** Opening Records for processing block **
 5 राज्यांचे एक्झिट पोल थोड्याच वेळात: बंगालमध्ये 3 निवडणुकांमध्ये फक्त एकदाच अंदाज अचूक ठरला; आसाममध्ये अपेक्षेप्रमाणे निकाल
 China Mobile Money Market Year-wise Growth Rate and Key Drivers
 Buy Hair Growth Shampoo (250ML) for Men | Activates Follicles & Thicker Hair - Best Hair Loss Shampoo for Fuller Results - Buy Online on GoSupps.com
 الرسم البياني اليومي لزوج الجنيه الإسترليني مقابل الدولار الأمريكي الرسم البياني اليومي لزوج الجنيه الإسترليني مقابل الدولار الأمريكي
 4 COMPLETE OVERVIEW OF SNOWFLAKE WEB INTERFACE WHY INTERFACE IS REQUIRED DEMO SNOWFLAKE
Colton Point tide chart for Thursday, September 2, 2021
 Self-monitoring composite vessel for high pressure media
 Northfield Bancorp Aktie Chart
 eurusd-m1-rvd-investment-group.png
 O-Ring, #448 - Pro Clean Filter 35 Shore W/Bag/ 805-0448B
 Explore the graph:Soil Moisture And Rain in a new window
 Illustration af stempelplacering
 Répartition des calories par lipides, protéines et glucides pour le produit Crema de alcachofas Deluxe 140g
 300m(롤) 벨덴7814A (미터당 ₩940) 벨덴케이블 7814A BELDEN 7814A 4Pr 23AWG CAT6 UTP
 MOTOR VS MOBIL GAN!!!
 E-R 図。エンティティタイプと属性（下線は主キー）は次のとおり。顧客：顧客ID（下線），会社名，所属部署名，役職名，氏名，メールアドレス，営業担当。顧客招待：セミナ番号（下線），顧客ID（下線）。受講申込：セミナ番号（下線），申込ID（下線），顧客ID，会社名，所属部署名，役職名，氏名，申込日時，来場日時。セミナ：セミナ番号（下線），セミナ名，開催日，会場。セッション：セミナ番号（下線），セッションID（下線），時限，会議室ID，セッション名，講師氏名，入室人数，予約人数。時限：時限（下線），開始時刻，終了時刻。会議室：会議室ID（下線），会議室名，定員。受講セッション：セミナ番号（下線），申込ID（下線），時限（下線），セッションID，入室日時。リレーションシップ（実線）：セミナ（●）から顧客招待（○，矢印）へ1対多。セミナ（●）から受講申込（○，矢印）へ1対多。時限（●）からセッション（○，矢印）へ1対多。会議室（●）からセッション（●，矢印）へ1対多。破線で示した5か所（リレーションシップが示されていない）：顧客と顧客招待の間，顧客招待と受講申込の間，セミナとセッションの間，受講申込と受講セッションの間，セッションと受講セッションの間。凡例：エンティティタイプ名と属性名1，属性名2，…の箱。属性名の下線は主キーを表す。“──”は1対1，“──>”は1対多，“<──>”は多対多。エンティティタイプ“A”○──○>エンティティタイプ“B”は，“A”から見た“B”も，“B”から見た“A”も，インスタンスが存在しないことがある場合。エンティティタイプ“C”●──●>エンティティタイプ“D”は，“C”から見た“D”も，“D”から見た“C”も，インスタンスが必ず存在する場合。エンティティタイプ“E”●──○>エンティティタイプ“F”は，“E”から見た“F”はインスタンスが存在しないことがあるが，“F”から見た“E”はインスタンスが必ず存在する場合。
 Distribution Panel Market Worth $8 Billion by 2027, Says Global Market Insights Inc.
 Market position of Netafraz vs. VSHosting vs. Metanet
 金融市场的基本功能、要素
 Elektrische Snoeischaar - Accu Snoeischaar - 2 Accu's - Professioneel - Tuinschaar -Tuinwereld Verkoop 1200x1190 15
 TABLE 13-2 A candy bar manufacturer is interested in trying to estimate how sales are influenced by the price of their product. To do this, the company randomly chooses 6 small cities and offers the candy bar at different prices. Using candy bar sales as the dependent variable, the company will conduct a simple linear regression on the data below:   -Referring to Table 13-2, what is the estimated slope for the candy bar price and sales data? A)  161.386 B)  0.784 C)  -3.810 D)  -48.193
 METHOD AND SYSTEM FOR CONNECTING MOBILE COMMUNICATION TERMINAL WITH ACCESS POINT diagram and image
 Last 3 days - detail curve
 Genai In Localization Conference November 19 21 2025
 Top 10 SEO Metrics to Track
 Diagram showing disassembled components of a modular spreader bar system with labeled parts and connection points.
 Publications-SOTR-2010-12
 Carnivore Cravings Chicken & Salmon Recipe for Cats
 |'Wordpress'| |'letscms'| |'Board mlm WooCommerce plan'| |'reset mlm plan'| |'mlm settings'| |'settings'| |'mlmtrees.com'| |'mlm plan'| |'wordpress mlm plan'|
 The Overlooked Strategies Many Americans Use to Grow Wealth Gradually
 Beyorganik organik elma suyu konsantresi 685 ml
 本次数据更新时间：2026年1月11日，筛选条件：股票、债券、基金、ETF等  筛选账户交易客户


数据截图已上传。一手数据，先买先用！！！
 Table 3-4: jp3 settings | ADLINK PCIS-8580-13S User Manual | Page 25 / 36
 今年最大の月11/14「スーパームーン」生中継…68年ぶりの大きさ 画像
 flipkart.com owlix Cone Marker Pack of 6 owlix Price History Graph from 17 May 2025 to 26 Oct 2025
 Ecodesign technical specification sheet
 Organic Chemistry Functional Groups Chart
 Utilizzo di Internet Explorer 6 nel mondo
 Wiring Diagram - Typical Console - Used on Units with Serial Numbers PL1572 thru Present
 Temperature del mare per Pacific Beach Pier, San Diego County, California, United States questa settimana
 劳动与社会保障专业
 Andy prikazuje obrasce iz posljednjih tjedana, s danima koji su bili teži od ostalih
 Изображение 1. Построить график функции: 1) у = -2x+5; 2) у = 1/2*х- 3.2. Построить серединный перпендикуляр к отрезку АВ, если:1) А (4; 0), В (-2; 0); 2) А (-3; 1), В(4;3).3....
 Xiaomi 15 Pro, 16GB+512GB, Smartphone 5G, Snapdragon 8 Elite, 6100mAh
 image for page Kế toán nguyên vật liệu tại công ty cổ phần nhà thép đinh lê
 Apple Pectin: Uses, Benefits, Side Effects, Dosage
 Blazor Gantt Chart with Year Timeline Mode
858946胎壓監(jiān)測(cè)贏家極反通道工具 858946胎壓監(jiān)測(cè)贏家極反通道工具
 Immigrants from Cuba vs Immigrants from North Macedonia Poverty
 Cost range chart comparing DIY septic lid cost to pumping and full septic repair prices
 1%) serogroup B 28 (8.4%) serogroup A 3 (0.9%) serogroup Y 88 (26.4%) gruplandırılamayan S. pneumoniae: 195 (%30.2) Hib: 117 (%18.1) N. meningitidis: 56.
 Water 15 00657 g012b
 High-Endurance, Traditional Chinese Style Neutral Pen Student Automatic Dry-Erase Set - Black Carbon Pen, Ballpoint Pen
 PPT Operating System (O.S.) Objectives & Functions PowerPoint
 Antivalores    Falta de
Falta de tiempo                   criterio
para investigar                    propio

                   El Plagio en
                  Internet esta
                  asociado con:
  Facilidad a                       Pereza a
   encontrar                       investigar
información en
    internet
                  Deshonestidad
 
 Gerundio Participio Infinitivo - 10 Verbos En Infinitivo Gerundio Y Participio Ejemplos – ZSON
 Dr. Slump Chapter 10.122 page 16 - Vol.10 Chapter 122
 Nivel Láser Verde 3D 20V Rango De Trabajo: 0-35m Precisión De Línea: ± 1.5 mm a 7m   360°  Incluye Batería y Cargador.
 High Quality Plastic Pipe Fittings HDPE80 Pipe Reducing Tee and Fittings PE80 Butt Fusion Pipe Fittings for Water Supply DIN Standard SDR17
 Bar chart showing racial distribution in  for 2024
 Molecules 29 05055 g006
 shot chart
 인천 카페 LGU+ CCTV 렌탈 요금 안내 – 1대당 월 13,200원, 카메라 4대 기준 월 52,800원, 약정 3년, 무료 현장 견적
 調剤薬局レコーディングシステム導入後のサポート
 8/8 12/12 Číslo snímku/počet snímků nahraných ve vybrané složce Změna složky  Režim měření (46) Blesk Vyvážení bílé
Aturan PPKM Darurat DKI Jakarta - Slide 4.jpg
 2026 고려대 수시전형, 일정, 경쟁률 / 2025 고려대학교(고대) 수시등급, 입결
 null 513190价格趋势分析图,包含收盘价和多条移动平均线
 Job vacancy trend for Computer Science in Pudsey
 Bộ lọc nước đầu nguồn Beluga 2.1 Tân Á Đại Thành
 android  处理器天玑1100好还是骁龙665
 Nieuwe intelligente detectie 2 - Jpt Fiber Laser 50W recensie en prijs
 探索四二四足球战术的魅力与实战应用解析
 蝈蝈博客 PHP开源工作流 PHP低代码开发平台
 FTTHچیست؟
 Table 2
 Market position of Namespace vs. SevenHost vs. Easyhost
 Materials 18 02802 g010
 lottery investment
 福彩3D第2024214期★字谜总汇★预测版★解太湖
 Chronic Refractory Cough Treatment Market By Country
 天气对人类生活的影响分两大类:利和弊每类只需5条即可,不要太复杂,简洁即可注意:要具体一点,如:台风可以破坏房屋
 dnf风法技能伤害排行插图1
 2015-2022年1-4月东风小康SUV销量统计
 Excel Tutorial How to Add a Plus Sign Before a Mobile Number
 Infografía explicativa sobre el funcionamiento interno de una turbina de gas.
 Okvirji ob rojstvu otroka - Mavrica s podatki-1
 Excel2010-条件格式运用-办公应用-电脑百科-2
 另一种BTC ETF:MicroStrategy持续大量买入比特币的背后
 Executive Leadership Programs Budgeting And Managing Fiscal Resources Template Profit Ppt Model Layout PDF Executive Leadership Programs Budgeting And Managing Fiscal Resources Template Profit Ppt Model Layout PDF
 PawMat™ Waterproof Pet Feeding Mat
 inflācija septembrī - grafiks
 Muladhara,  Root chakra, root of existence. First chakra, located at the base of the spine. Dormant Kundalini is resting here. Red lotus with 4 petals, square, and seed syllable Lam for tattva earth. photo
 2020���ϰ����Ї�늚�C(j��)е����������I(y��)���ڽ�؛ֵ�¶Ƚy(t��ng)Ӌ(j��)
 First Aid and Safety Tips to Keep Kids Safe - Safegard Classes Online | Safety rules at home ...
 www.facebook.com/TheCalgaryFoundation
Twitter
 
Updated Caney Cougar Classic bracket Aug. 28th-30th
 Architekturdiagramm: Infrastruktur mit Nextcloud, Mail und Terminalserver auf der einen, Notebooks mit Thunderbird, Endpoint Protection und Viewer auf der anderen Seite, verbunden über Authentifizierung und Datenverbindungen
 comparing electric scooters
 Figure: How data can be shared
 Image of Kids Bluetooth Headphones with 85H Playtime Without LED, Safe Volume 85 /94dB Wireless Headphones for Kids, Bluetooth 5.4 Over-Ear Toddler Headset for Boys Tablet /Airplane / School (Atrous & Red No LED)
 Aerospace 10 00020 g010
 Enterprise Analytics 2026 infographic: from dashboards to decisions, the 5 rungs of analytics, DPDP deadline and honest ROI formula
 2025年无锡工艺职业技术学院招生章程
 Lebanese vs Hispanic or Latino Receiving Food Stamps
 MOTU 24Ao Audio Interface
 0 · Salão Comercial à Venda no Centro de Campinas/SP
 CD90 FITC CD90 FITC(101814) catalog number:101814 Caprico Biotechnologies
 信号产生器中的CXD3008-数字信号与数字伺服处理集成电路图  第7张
** Closing Records for processing block **
▸ **Problem to solve**
Reproduce the entries exactly, starting at their first line and stopping after the line with "China Mobile Money".

▸ **Task solution**
 5 राज्यांचे एक्झिट पोल थोड्याच वेळात: बंगालमध्ये 3 निवडणुकांमध्ये फक्त एकदाच अंदाज अचूक ठरला; आसाममध्ये अपेक्षेप्रमाणे निकाल
 China Mobile Money Market Year-wise Growth Rate and Key Drivers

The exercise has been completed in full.